For the middle of those three seasons, 1990-91, the Blazers added guard Danny Ainge to the rotation and went a franchise-record 63-19 in the regular season. But they fell to the Los Angeles Lakers in the West finals.

"All the players on those teams would totally agree, that was our year," Porter said. "It was kind of established that a team had to get to the Finals once and lose. Then you got passed the torch, and the next year was your year. We came back (from losing in the 1990 Finals) with a mission and got off to such a great start (15-1) and finished the regular season great, too (16-1). We felt really good going into the playoffs, but we lost to the Lakers. That was the year we should have won the championship, but we came up short."

Porter considers Kersey his favorite teammate during his time in Portland.

"We came from similar backgrounds," he said. "We hung out together from our first training camp. We had a lot of the same challenges coming up, a lot of the same doubters about whether we'd make it in the NBA. I related to him the most. We built a pretty good relationship. I just loved him."

Porter played for three Hall of Fame coaches in the NBA — Ramsay, Pat Riley and Gregg Popovich. Whom would he regard as the best coach he played for?

"I'd lean toward Rick Adelman (in Portland)," Porter said. "I learned a lot about diet and nutrition from Jack. He was before his time in that regard. Pat was so driven to be great. The motivation and determination he instilled in his teams had a strong influence with me. 'Pop' was of a military background, and he was so well-rounded compared to the other guys. Basketball wasn't his end all/be all. We talked about current events, about life.

"But I had a great relationship with Rick. Our relationship went back to my rookie year, when he was an assistant coach. We spent a lot of time at Tigard High School, working on my game. When he got the head job, I was willing to go through the wall for him. I enjoyed playing for him because of the relationship we were able to build. Rick is very deserving of being in the Hall of Fame. I'm rooting for him. I know I'll be there if that day comes."
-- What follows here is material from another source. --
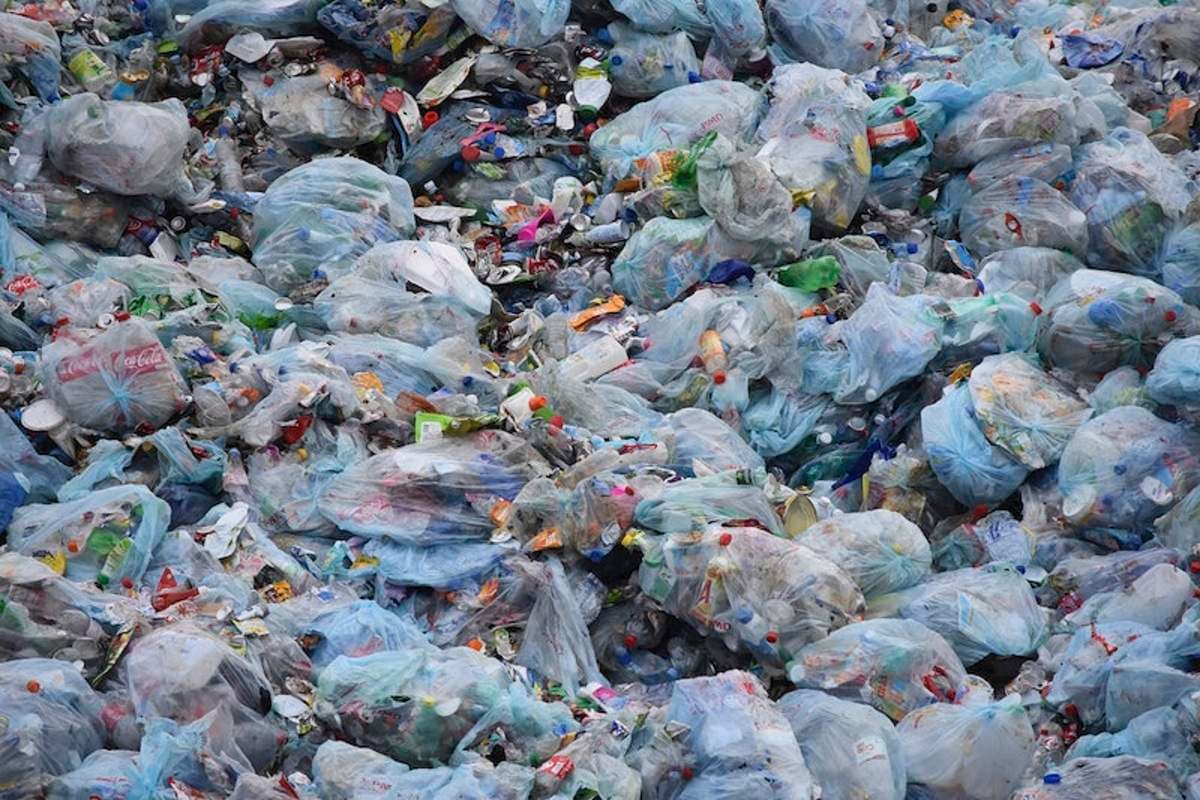 Community members participating in plastic waste cleanup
Porter was twice a head coach in the NBA, with Milwaukee and Phoenix. He was 71-93 in two seasons with the Bucks and 28-23 when he was fired by the Suns.

"I didn't get the extra year I was deserving in both situations, to see if I could get things turned around," Porter said. "At the time of my release (in Phoenix), we were one of the top teams in the West. That was ownership having a different philosophy in style of play. I was disappointed in the outcome at both of those places. Both of (his coaching stints) were a little too short."

Porter said he has enjoyed coaching at the college level, but said the job is much different.

"The NBA is all about basketball," he said. "In college, there is recruiting, scheduling and the academic piece. And you are dealing with 18-year-olds. There are a lot of hormones going on that you have to manage.

"But you do have an opportunity to be more impactful. Dick Bennett (his coach at Wisconsin-Stevens Point) was very impactful in my life. It's teaching kids life lessons, the importance of being honest and showing them how hard work pays."

Lillard is a four-time All-Star who has moved into second place behind Drexler on the Blazers' career scoring list, and most consider him the greatest point guard in franchise history ahead of Porter. The two haven't spoken often, but count Porter as a fan and a player to whom he can relate — Porter from Wisconsin-Stevens Point, Lillard from Weber State.

"I love what he does," Porter said. "I love his game, his ability to shoot it. He's a lot more explosive than I ever was, and he has achieved more than I did from an individual standpoint. The idea of where he came from, how he goes about his work, how he has been able to embrace and love this city — a lot of those same things are similar to what I had back in my time. We are a lot alike.

"I love everything about him. I love watching him play. I think he is doing a great job of being one of the key guys for this franchise going forward."